So now we have a report from the Scholarly Kitchen of a new OA study finding that OA articles are more widely distributed, but with no difference in citation counts, suggesting that:
The real beneficiaries of open access may not be the research community, which traditionally has excellent access to the scientific literature, but communities of practice that consume, but rarely contribute to, the corpus of literature. These communities may include students, educators, physicians, patients, government, and industry researchers.
Now the next question: is the current low level of contribution from these communities a feature of their indirect engagement with research, or their traditional lack of access to the existing literature? Will we start seeing more genuine contributions from hobbyists and ‘citizen scientists’ without the direct involvement of a professional scientist?
On the other hand, as enthusiastic as I am about the consumption access side of OA, the production access side remains problematic, as SK notes:
…I find suggestions that authors can purchase their way to increased citations by paying author fees deeply disturbing.

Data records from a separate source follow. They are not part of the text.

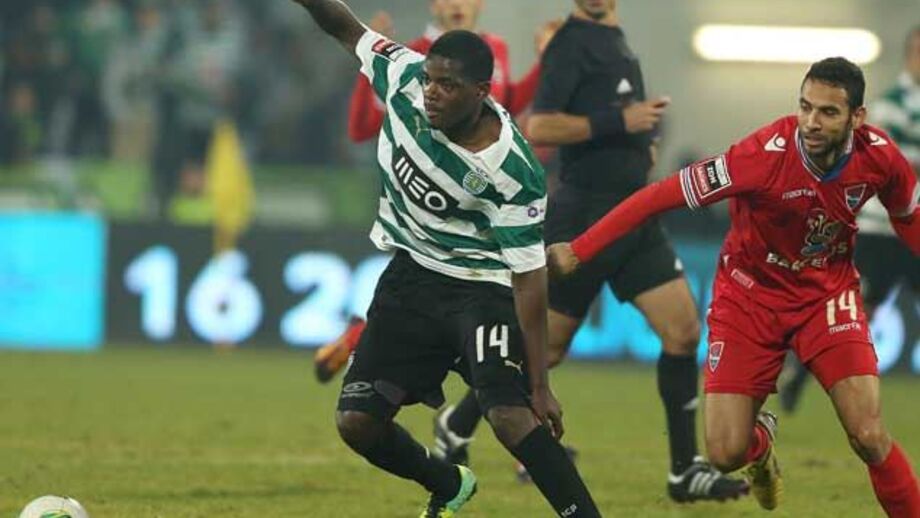 United não larga William Carvalho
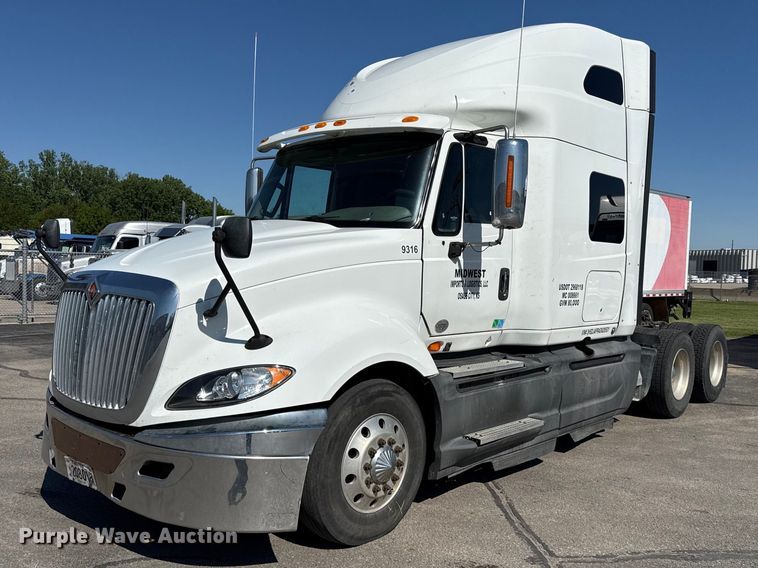 2016 International ProStar Plus semi truck - DZ4457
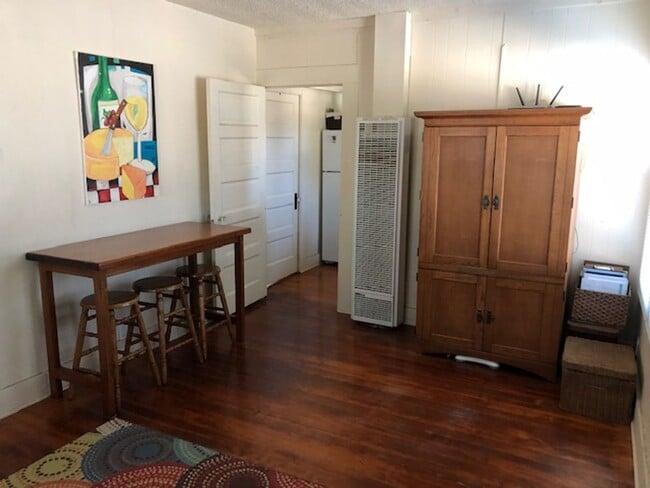 Building Photo - Jeffrey and Foothill Properties Unit Jeffrey 123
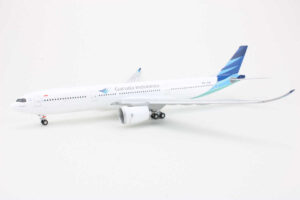 Airbus A330-900 Garuda Indonesia PK-GHF Gemini Jets G2GIA969 1:200 - Image 3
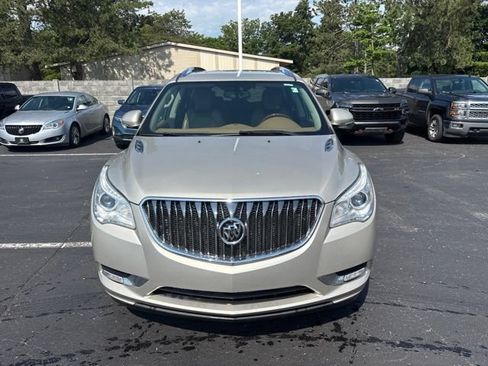 Used 2017 Buick Enclave Leather AWD/4WD image 3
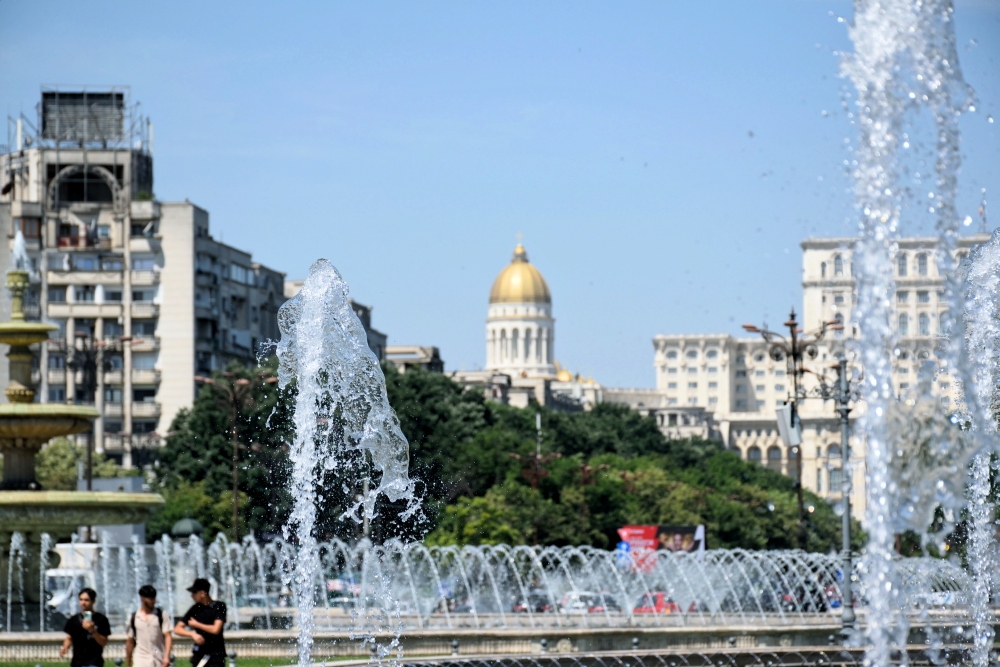 Fountain and Salvation cathedral in Bucharest (4)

If there is indeed a citation advantage to open access publishing, is it acceptable for publishers to try to rake in more fees by inducing authors to game the system this way? Does this potential pathway toward buying status favor the well-funded laboratory, allowing the rich to become richer?
If an alleged citation advantage is behind an author’s motivation to pay fees, then what happens if all journals become full OA publications and the playing field is leveled? Without the conferred advantage, will authors continue to accept the new economic conditions?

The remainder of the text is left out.